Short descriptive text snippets
*****
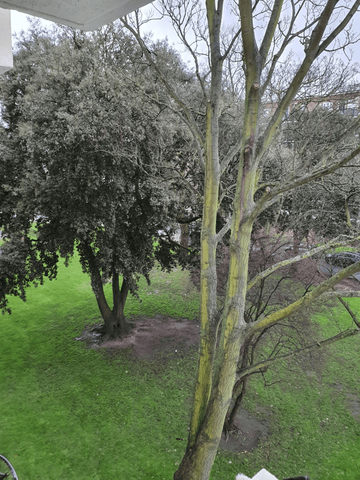 Redlands Way, London, SW2 - Photo 5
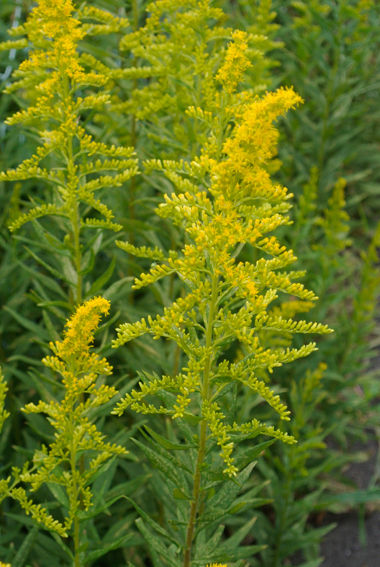 ブタクサとオミナエシそしてセイタカアワダチソウ 主婦も歩けばアートに出会う ブタクサとオミナエシそしてセイタカアワダチソウ 主婦も歩けばアートに出会う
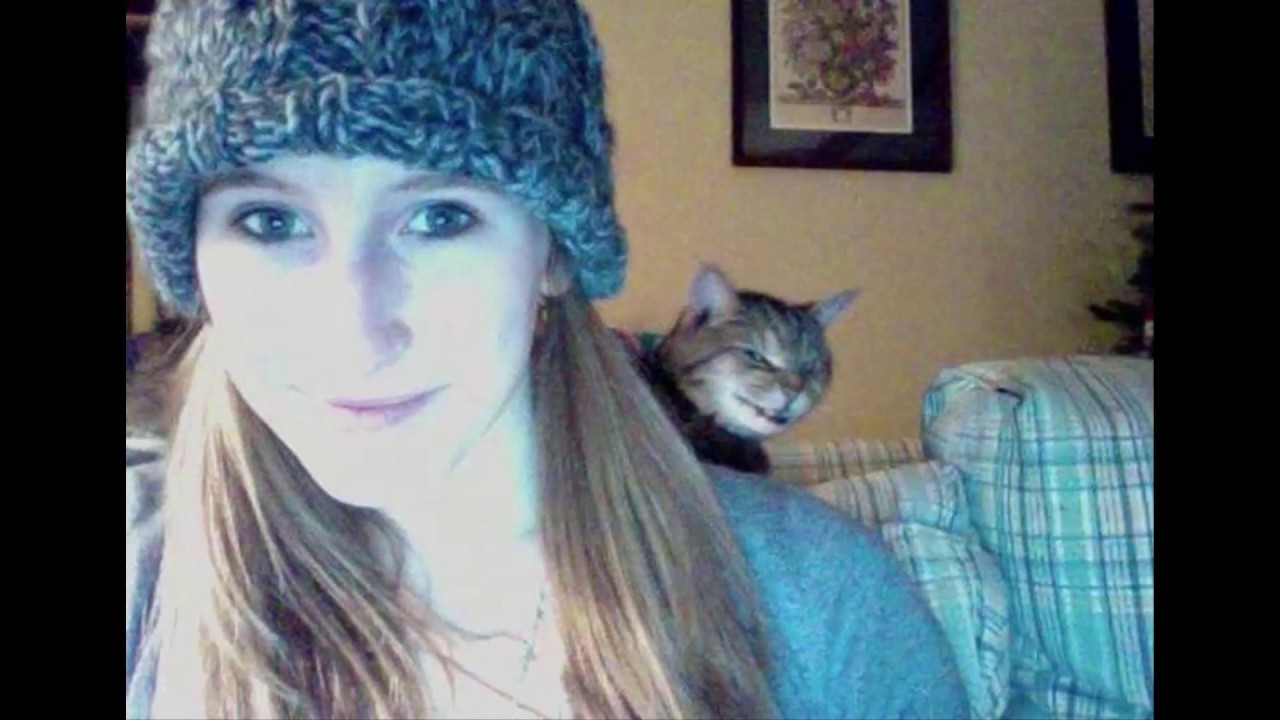 Best Cat Photobomb Pictures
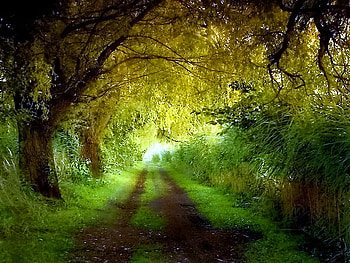 Mood green, arching branches, sunlight, path, green, trees, forest HD wallpaper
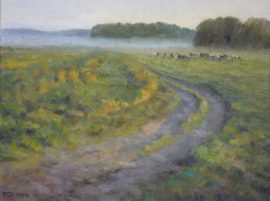 Коровки на пастбище вечером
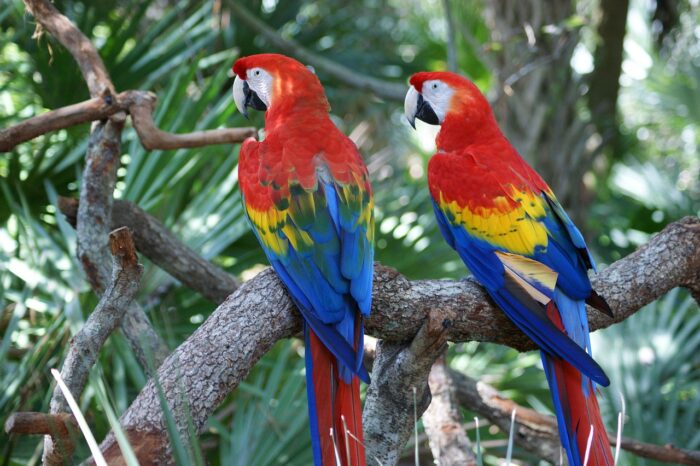 photograph of two red macaws resting on a branch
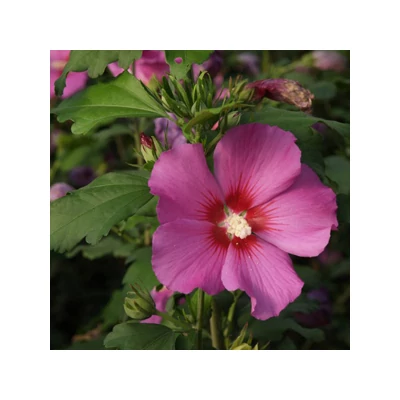 Hibiscus syriacus 'Russian Violet' – Kerti mályvacserje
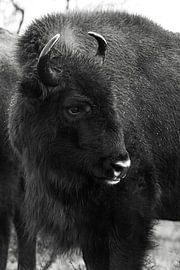 Wisents in Dünen auf der Kraansvlak von Süd-Kennemerland von Jeroen Stel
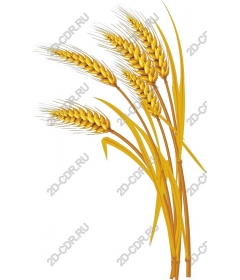 Golden wheat ears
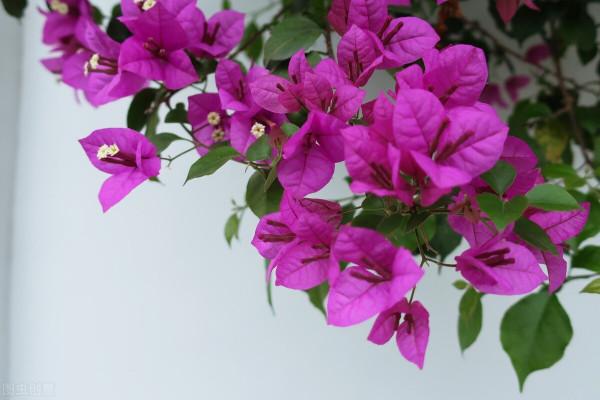 買花切忌跟風,適合自己的植物,才是最好的 買花切忌跟風,適合自己的植物,才是最好的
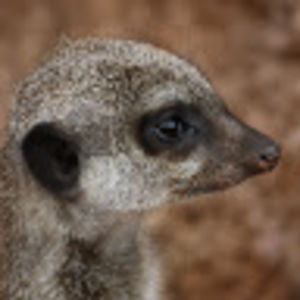 noammendelssohn avatar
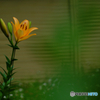 ゆりの花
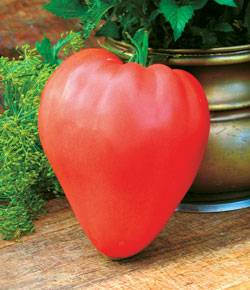 Лучшие сорта томатов для Сибири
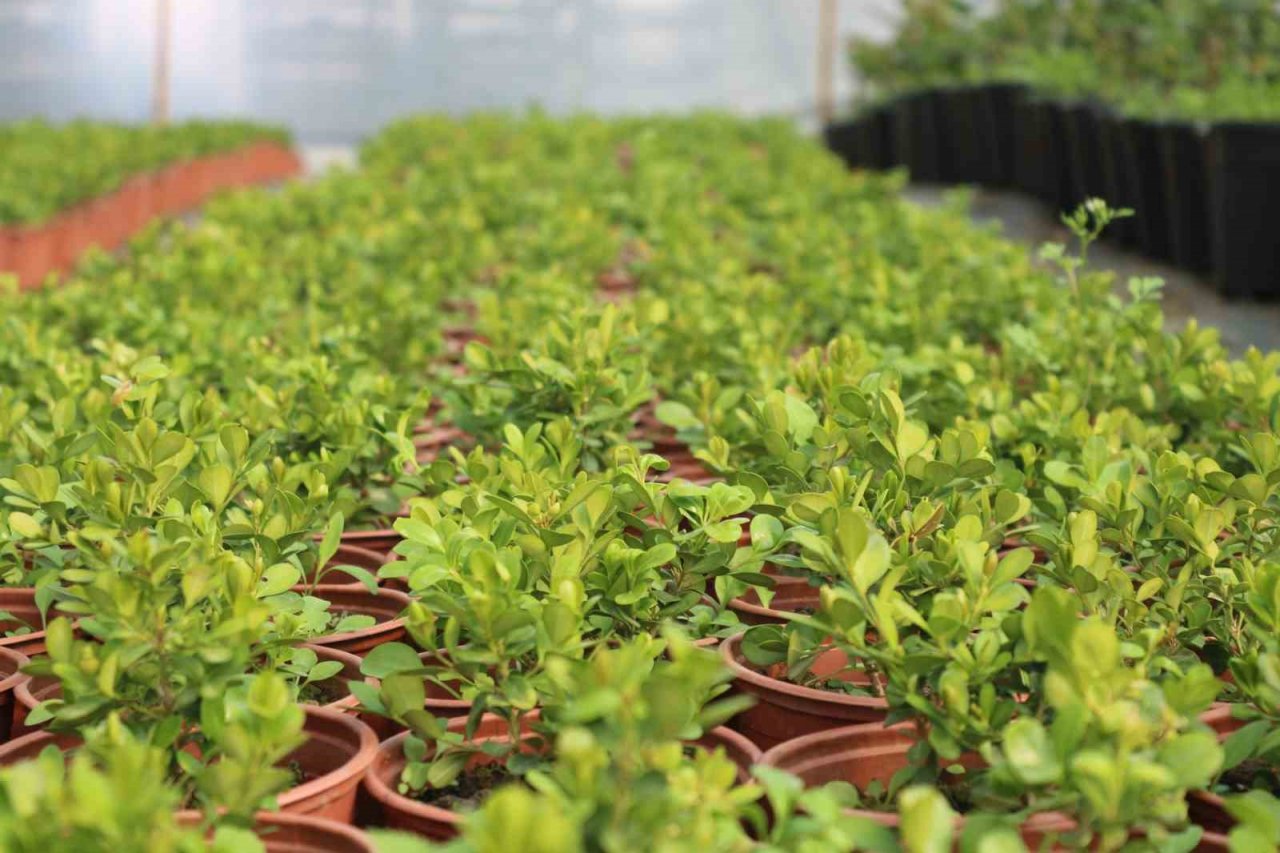 Depremin ardından bahçelere yönelen vatandaşların fide ve bitkilere ilgisi arttı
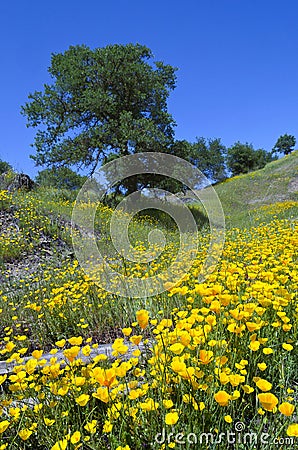 California Poppies and Oak Trees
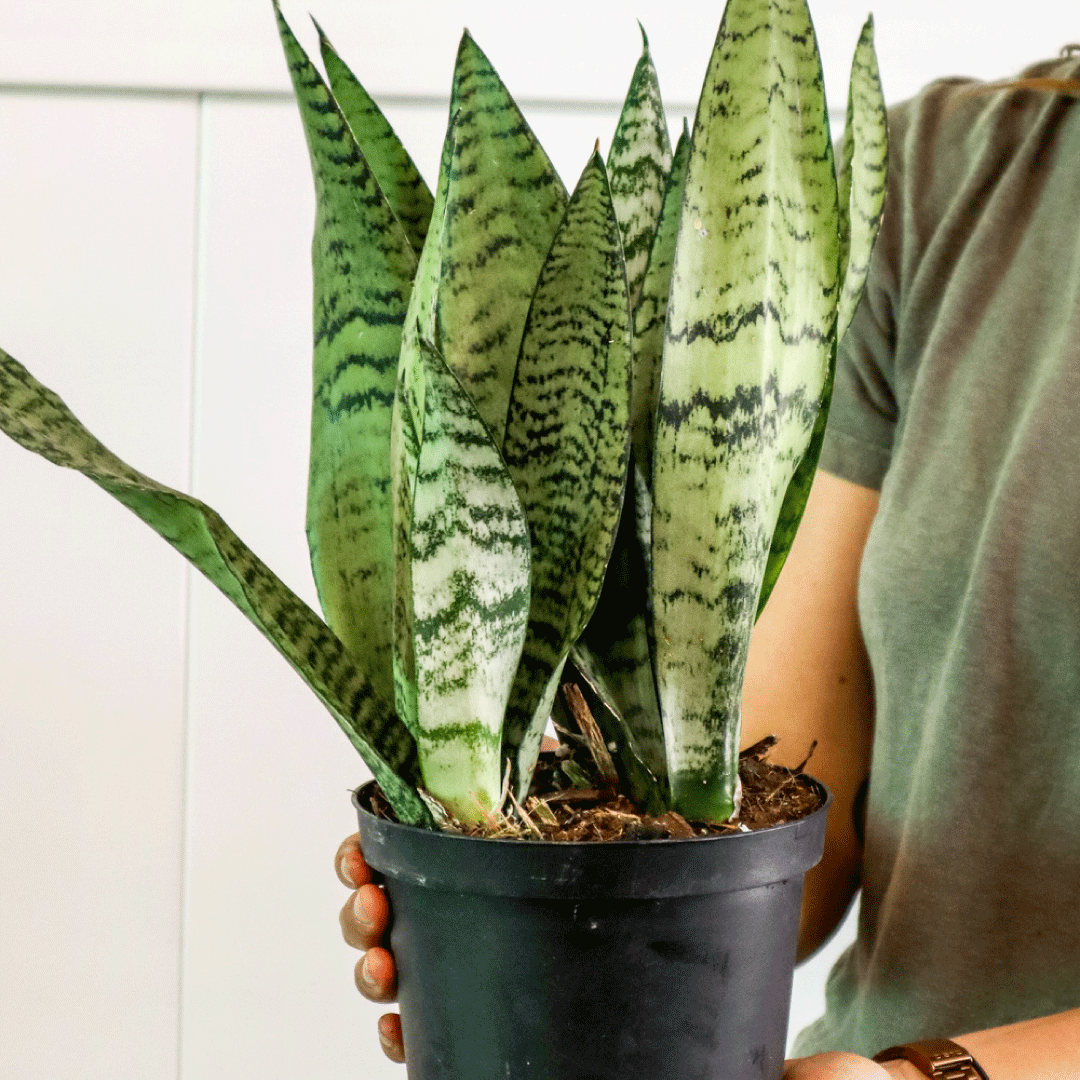 M&C Landscaping & Tree Service Snake Plant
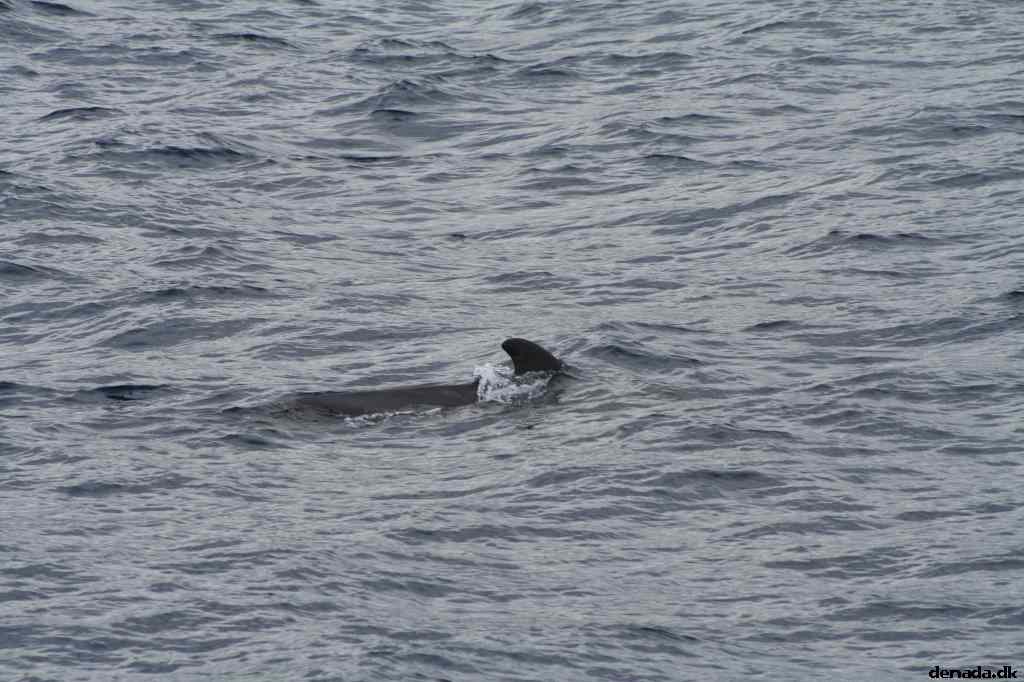* Image 474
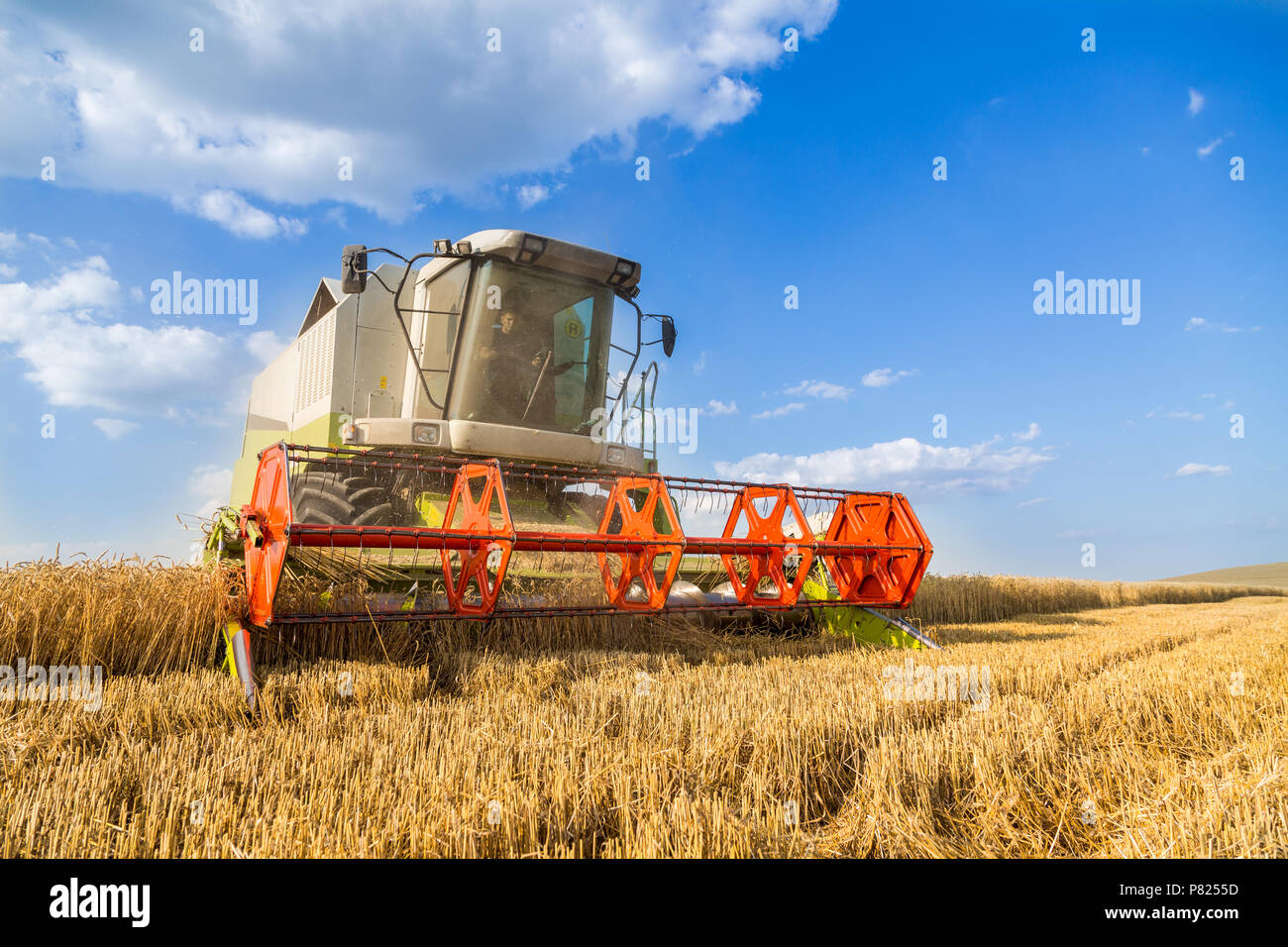Moissonneuse batteuse en action sur le champ de blé Banque D'Images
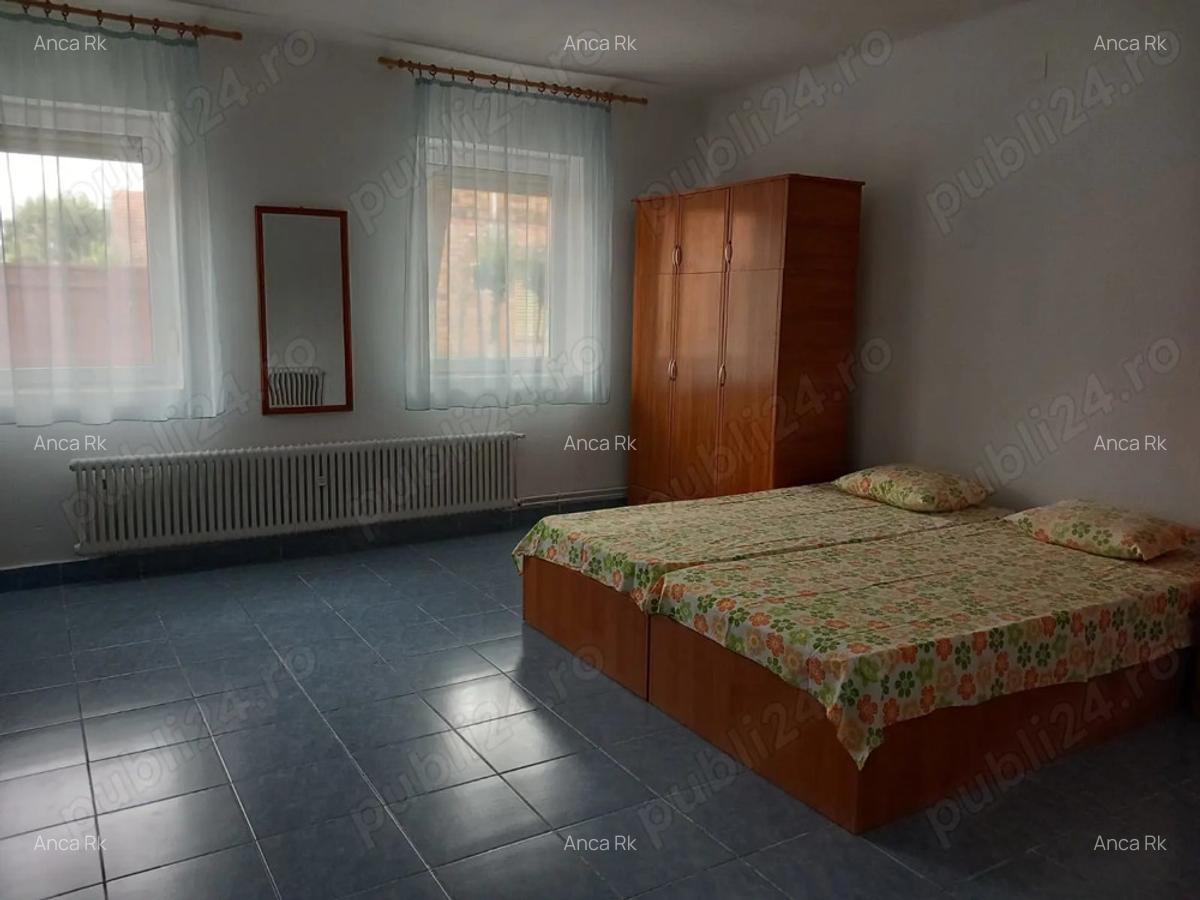 Casa de vanzare Jimbolia - 4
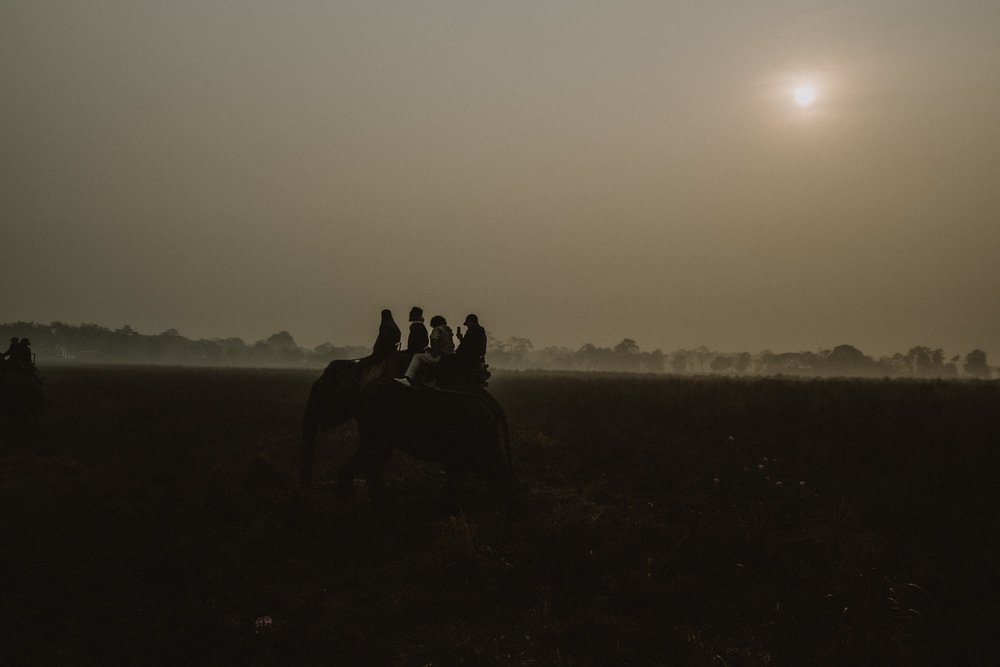 KAZIRANGA_ELEPHANT SAFARI-106.jpg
*****
Instructions for the task: Reproduce word for word the lines from the one containing "買花切忌跟風,適合自己的植物,才是最好的 買花切忌跟風,適合自己的植物,才是最好的" through the end of the data, both ends kept. Drop the pictures.

Written answer:
 買花切忌跟風,適合自己的植物,才是最好的 買花切忌跟風,適合自己的植物,才是最好的
 noammendelssohn avatar
 ゆりの花
 Лучшие сорта томатов для Сибири
 Depremin ardından bahçelere yönelen vatandaşların fide ve bitkilere ilgisi arttı
 California Poppies and Oak Trees
 M&C Landscaping & Tree Service Snake Plant
* Image 474
Moissonneuse batteuse en action sur le champ de blé Banque D'Images
 Casa de vanzare Jimbolia - 4
 KAZIRANGA_ELEPHANT SAFARI-106.jpg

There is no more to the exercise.